I felt that there was some relationship between Irene's case and mine.
I cannot explain just why, but I did.
A local dentist and oral surgeon began to warn patients away from the dial painting studio,
but they still confusedly suspected phosphorus poisoning.
They recommended that the company stop its dial painting procedures,
but the company rejected the idea that it was harmful,
and the health and labor departments, though sympathetic, had failed in three attempts to show that the painters' deaths
and illnesses were related to their work. To some extent, the confusion was understandable.
Less than 10 years earlier, radium had been considered therapeutic. It was thought to play
a role in the healthfulness of certain spring waters. The Standard Chemical Company of Pittsburgh had investigated the use of radon and radium in treating arthritis, gout, neuritis, diabetes,
neurasthenia, pyuria, high blood pressure, pernicious anemia, and leukemia. The company
published a journal and in 1916 formed the American Radium Society to promote the scientific
study of radium therapeutics. Some physicians based
entire practices on radium treatments. By 1914, the use of radium in internal medicine had a nod
from the American Medical Association. It was studied at leading research institutions, was
well regarded in the medical literature, and had been promoted by both New York State and the U.S.

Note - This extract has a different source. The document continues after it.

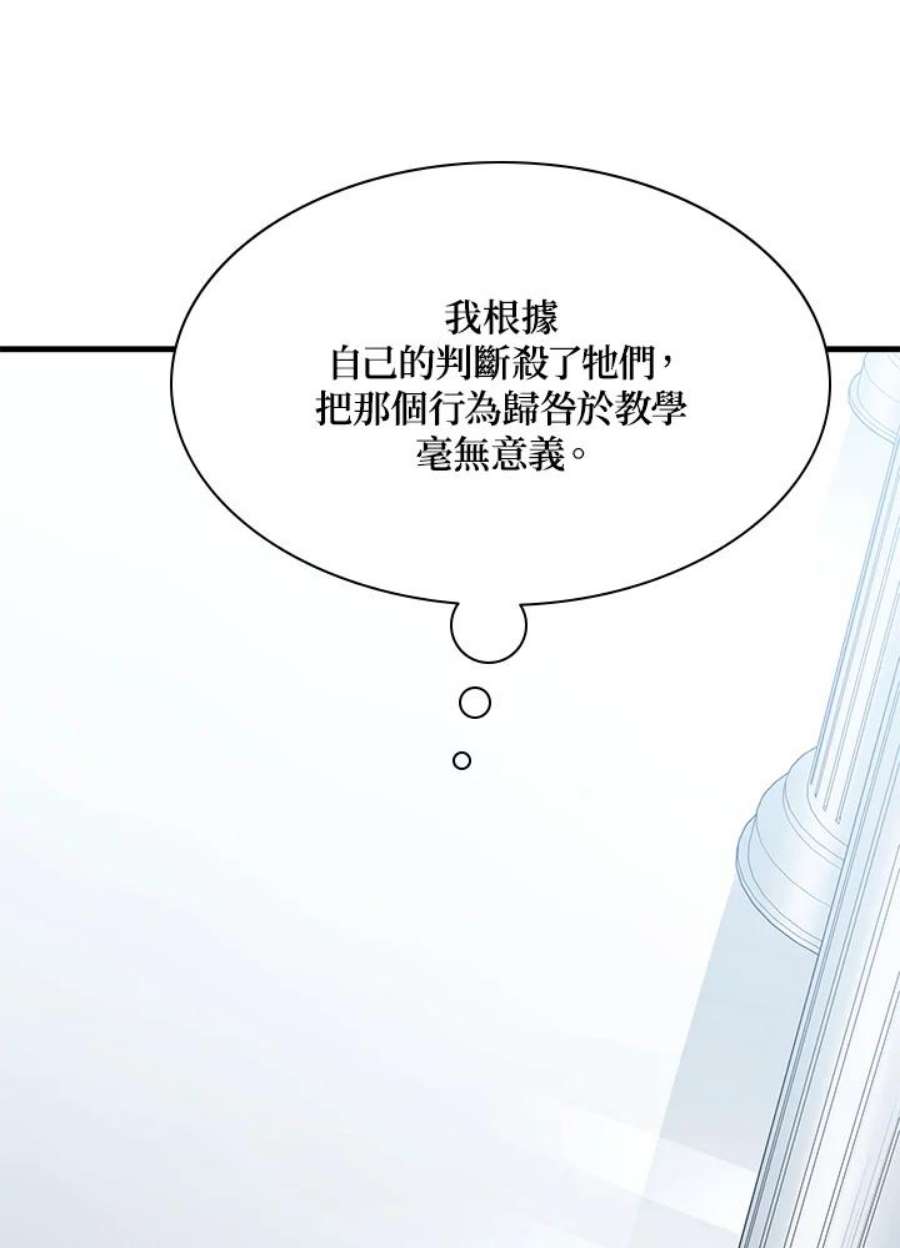 新手关卡太难了29话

government. Only during the war did skepticism
arise as the dangers of radiation exposure came to light. But the New Jersey Company,
which became U.S. Radium in 1921, continued to promote its product as an internal medicine,
even as concerns continued to mount. By 1923, the dial painters knew that they were facing
an industrial disease, and by 1925, many scientists
and most government officials had conceded that the illnesses were caused by radium. But the
industry resisted, enlisting consultants, concealing data, and promoting opinions that placed the blame
elsewhere. In 1925, the president of U.S. Radium told the New Jersey Consumers League,
if a common cause exists, we are convinced that it lies outside of our plant and that
this is not an occupational disease.
But a Harvard study identified radium as the likely cause of the dial painter's illness,
pointing out that after exposure to radioactive dust in the building,
quote,
the hair, faces, hands, arms, necks, the dresses, the underclothes, even the corsets of the dial painters were
luminous. After Katz inhaled powdered luminous paint, radium was found fixed in their bones.

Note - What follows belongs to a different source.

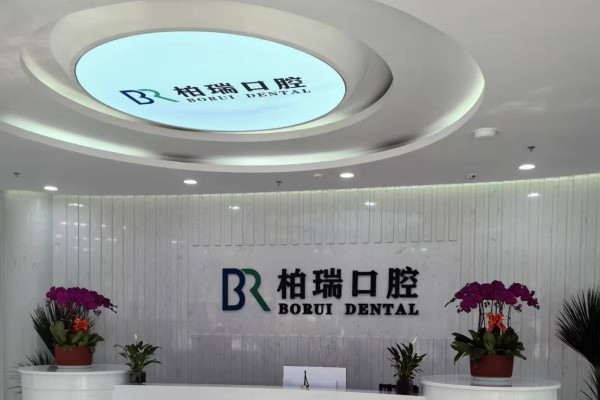 日照柏瑞口腔門診部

The company's president, Arthur Roeder, objected to the conclusions and insisted that, quote,
there is nothing harmful anywhere in the works. But after a confrontation with the New Jersey
Commissioner of Labor, U.S. radium left New Jersey and reopened in New York City.

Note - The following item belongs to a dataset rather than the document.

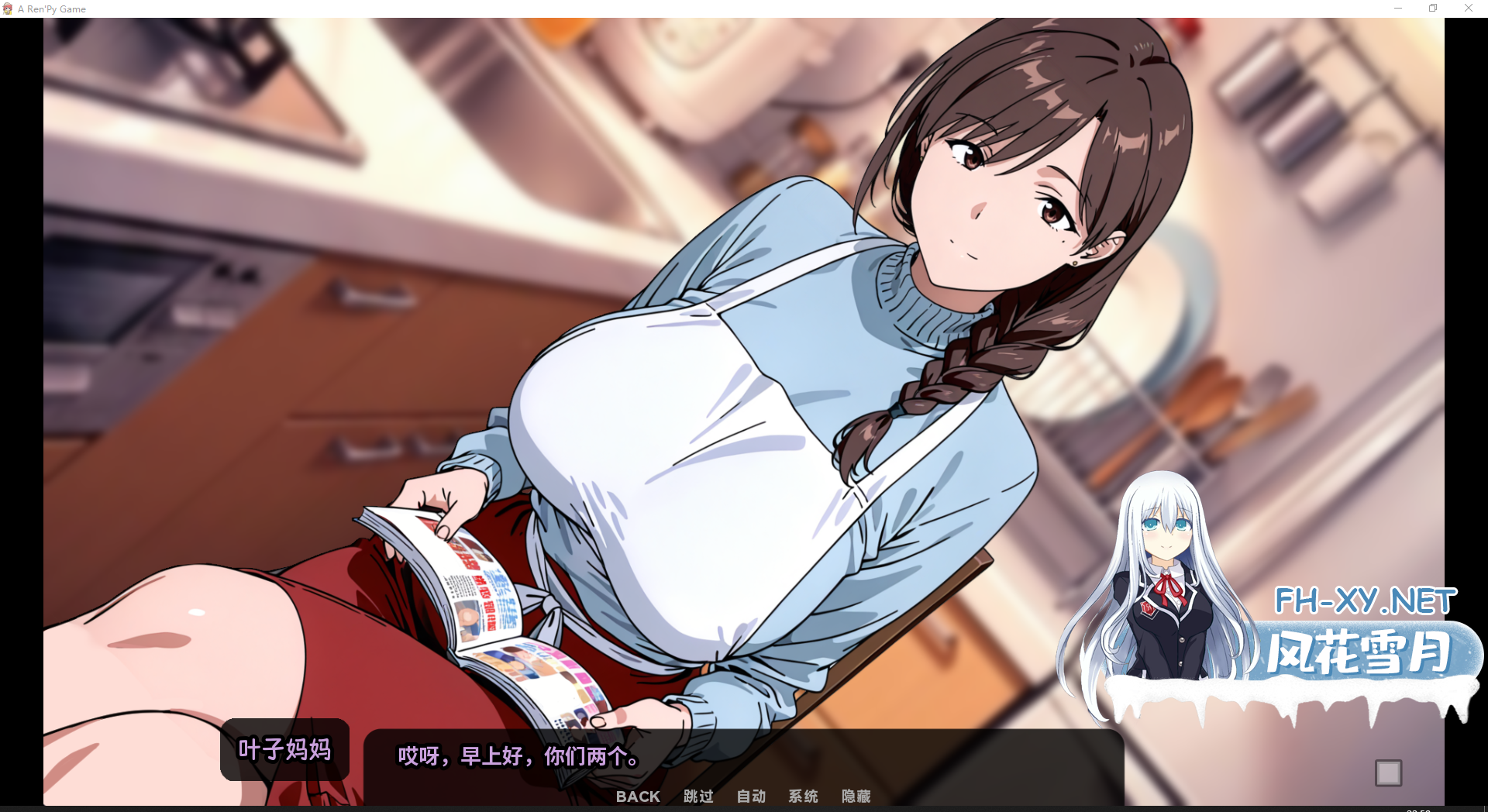481XWOTG6LOX0OUE.png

The U.S. Bureau of Labor Statistics turned its attention to cases outside New Jersey.
At the Radium Dial Company of Ottawa, Illinois, which in 1925 was the largest dial painting firm in the country,
workers decorated their buttons and belts and painted rings on their fingers with radium paint, as the workers in New Jersey had.
They too had been trained to lip-point their brushes and had been assured that the luminous
material was safe. The BLS found that one of these workers had enough radium in her system to test
radioactive. But still, radium hadn't been definitely established as the cause of the
dial painter's illnesses. No one had shown how radium might act in the body to
create the symptoms they were seeing. In New Jersey, Catherine Shaw was gloomy and morbid,
in her own words. She'd been ill over the winter, and a friend from the studio had died in December.
She wrote, the massive cold white drifts against the windows made me think of nature in all her
cruelty and destruction. I was only 22 years old, with youth on my side,
and yet no one was able to help me. Bad news continued to roll in. The new Essex County
medical examiner, Harrison Martland, found that inhaled radium may have caused the death of U.S.
radium's own chemist, Edwin Lehman. When dial painter Sarah Carlo Mifare died in June 1925,
Martland found radioactive substances stored in her spleen,
liver, and bones. Tests found that her sister Marguerite was radioactive. So was Catherine
Schaub. Martland's paper appeared in the Journal of the American Medical Association in December.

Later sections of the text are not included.